### Directions for this task
The material below holds pictures; leave them out and reproduce exactly the lines from the one with "Wholesale cheap big travel bag" through the one with "Fujitsu appoints Alfee", inclusive.

### Records provided
──────────

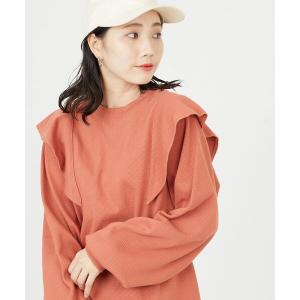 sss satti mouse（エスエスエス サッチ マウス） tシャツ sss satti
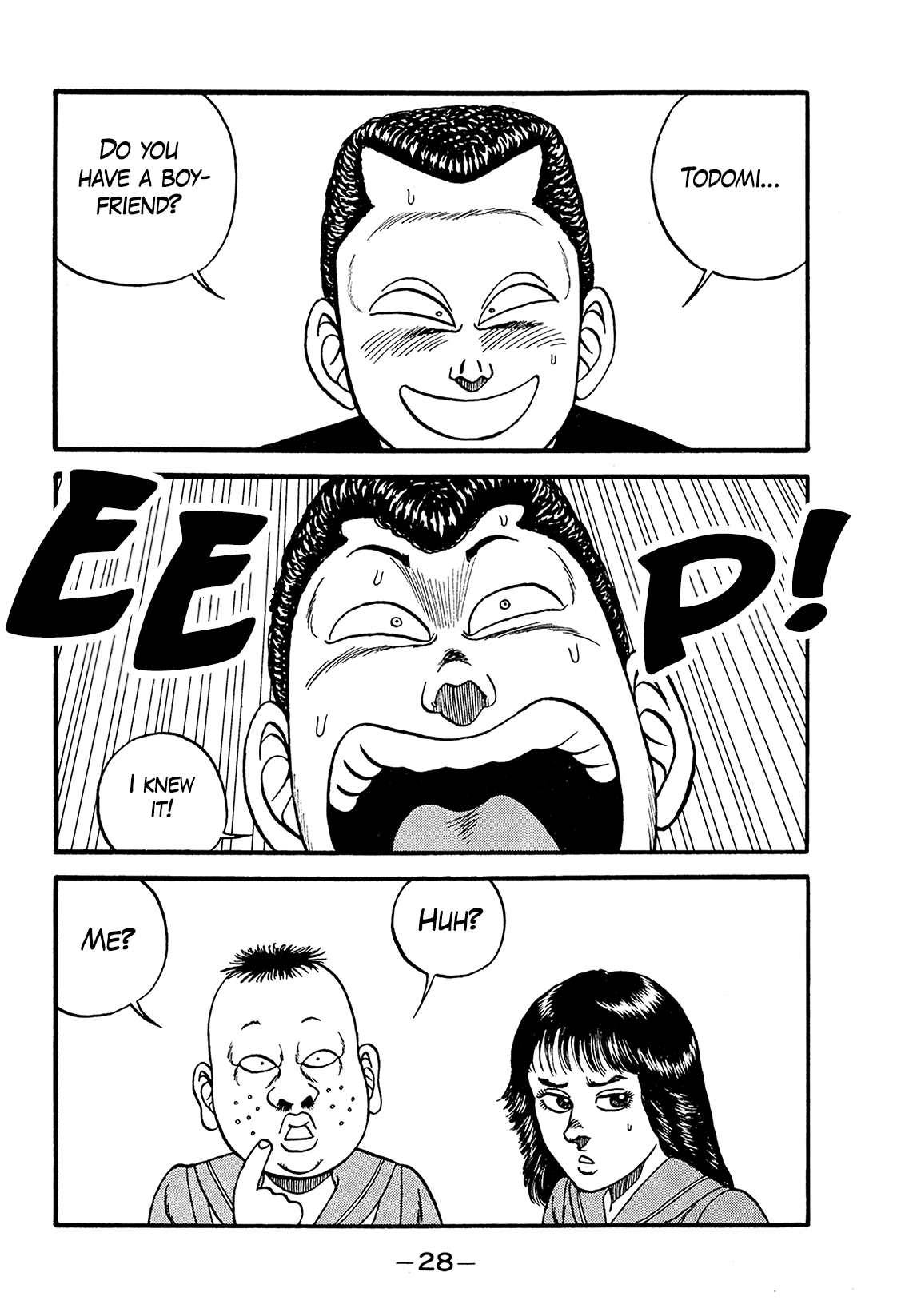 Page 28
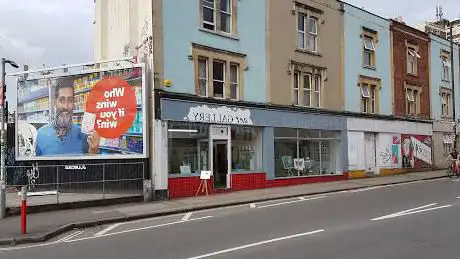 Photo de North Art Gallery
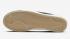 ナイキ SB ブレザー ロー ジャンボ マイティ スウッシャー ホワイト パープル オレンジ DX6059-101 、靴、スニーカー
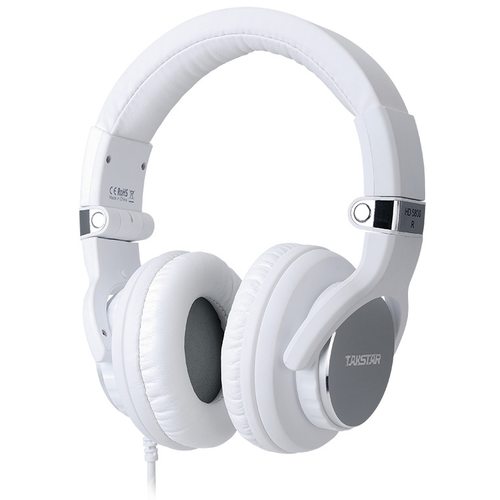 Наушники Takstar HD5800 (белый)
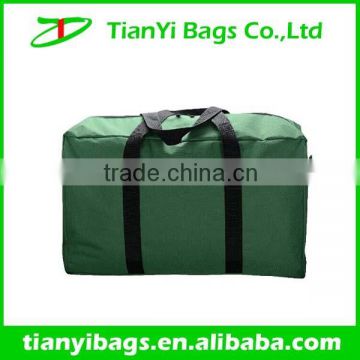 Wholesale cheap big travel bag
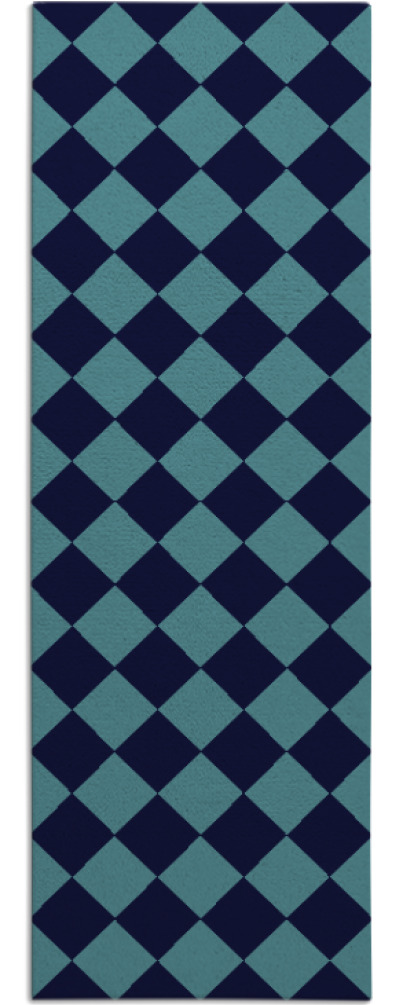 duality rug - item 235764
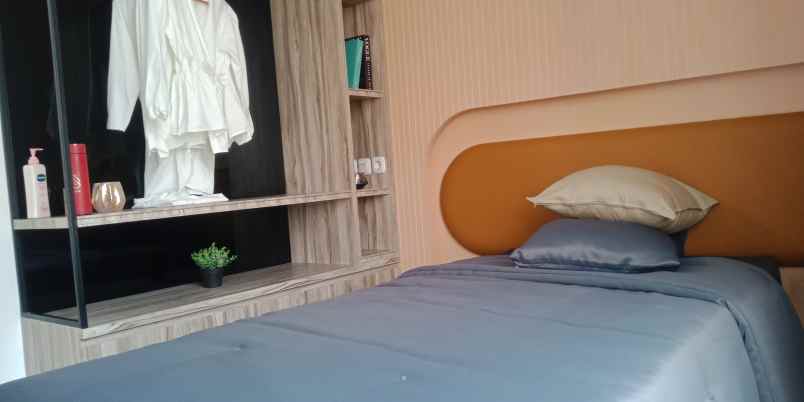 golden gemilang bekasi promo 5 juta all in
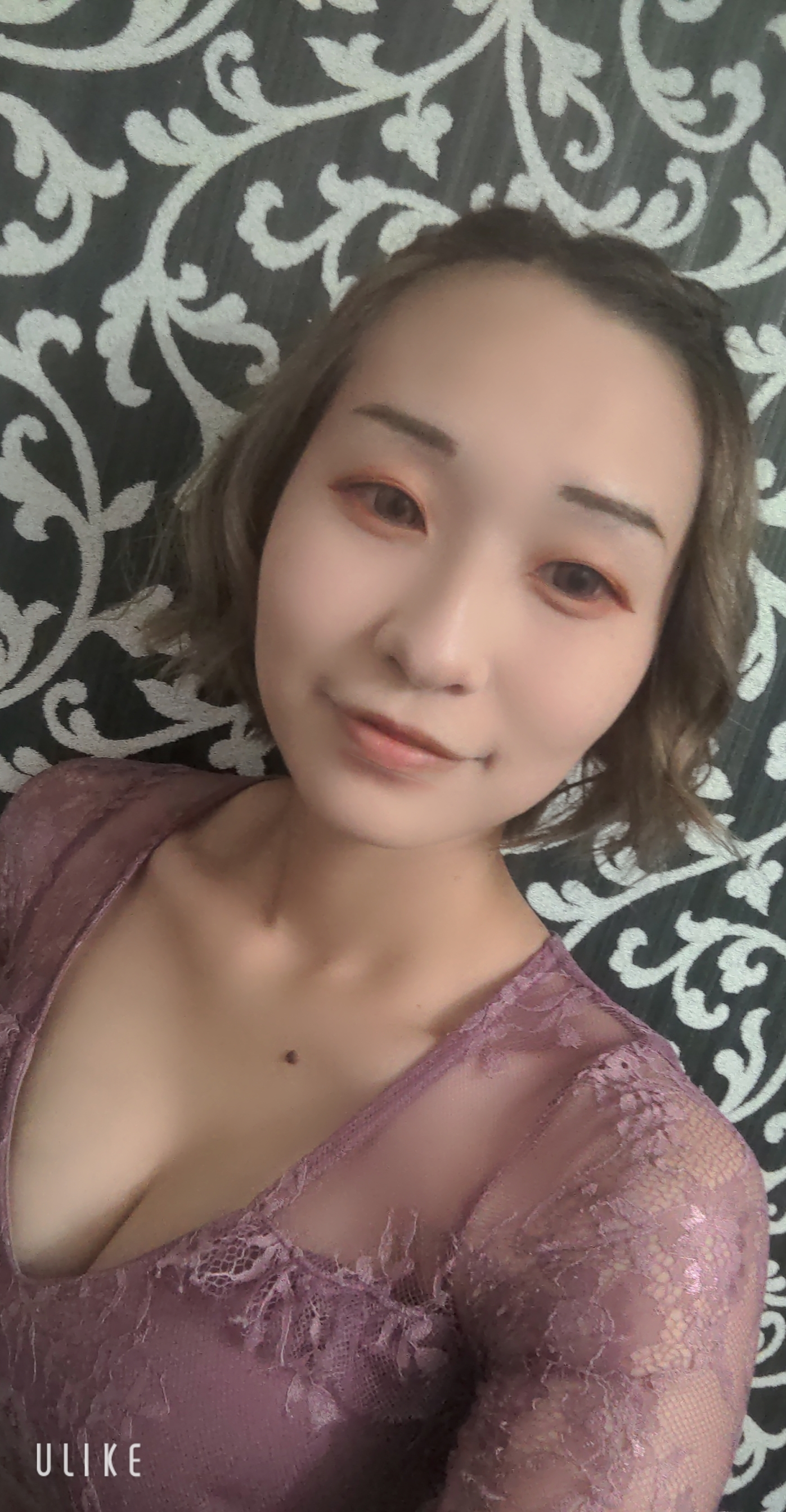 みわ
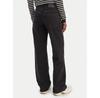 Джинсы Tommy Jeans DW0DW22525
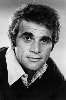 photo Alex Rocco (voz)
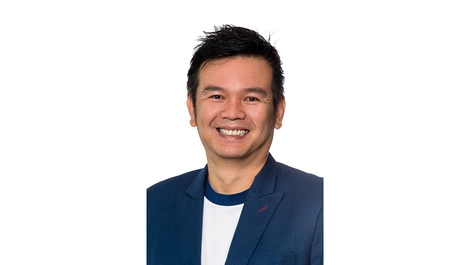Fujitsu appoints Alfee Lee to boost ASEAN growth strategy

──────────

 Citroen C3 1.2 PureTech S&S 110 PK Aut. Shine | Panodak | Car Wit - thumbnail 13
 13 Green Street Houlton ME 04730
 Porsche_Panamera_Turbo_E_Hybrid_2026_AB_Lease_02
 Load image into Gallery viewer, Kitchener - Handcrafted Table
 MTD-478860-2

──────────

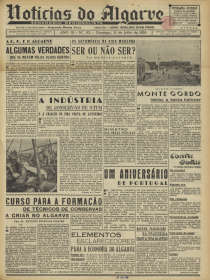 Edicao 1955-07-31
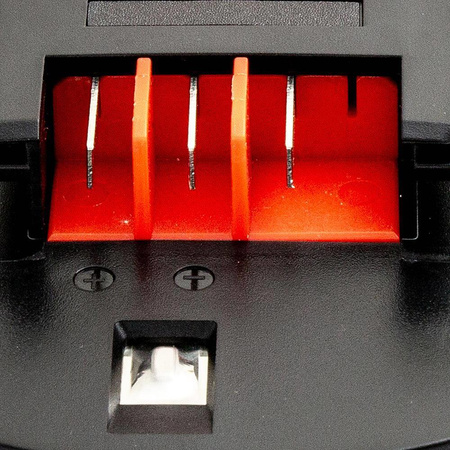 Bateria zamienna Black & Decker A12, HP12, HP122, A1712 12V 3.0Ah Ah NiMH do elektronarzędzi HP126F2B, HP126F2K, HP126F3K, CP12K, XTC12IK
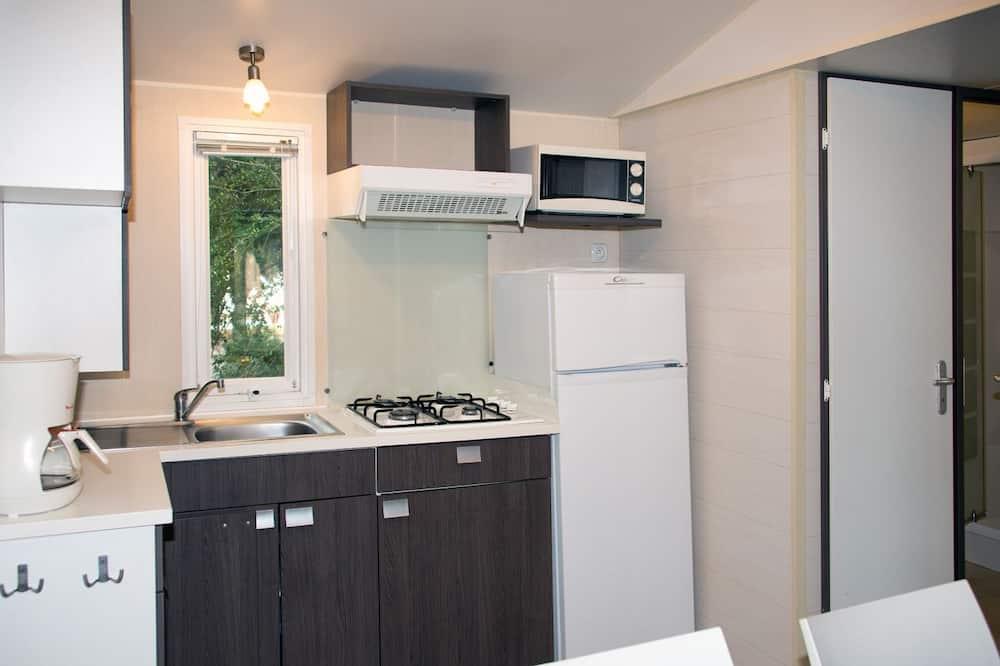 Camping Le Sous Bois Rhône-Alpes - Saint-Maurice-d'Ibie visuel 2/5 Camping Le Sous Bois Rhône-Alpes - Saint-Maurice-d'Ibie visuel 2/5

──────────

### Written response
 Wholesale cheap big travel bag
 duality rug - item 235764
 golden gemilang bekasi promo 5 juta all in
 みわ
 Джинсы Tommy Jeans DW0DW22525
 photo Alex Rocco (voz)
Fujitsu appoints Alfee Lee to boost ASEAN growth strategy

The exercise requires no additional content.